The shifts between darkness and light symbolize the story’s fluctuation between hope and love, and desolation and loss. As the story opens, the chimney swifts fly through a daylight sky, only to be replaced in the next sentence by searchlights that come out at night. The daylight represents the hope and happiness of the couple’s new relationship, while the fact it soon gives way to evening reflects the transitory nature of their love; the cycle of day and night echoes the cycle of Love and Loss that permeate the narrative. The searchlights also represent the dangers and uncertainties of war. They replace the beauty of natural light, shining artificial light into the darkness to provide a sense of safety, in this case, from an air attack.
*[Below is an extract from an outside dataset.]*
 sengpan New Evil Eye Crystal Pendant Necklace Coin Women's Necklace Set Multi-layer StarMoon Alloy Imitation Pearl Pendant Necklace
The name of the main female character, Luz, is derived from lux—the Latin word for “light.” When the soldier is injured and in a metaphorical state of darkness, Luz comes to heal him both physically and spiritually as a force of love. Her light, however, like that symbolized by the daylight, must give way to the night and darkness, particularly as she refuses travel with the soldier to America. Thus, the light and hope provided by the couple’s relationship is soon extinguished.
The hospital in Hemingway’s “A Very Short Story” functions as a symbol of physical and emotional pain. The protagonist, a soldier, spends a significant amount of time in the hospital after being injured in war, and while recovering, his nurse, Luz, becomes his lover. The hospital comes to define the couple’s relationship; it represents the place where they meet, but Luz’s choice to continue working in a hospital also expedites their breakup.
Hospitals function as a microcosm of the war itself: They are places where strangers are pulled together and then torn apart, where loyalties and relationships are forged and fail, and the causalities that the hospital staff treats directly reflect the current fighting and battles. Hospitals enable some young men who have been injured and maimed to recover, but they are also places of death. The hospital plays a role in the metaphorical death of the soldier and Luz’s love when Luz chooses her work as a nurse over their relationship. Even when the soldier returns to America, though his physical body may be healed, the sickness he feels when he says goodbye to Luz in Milan remains.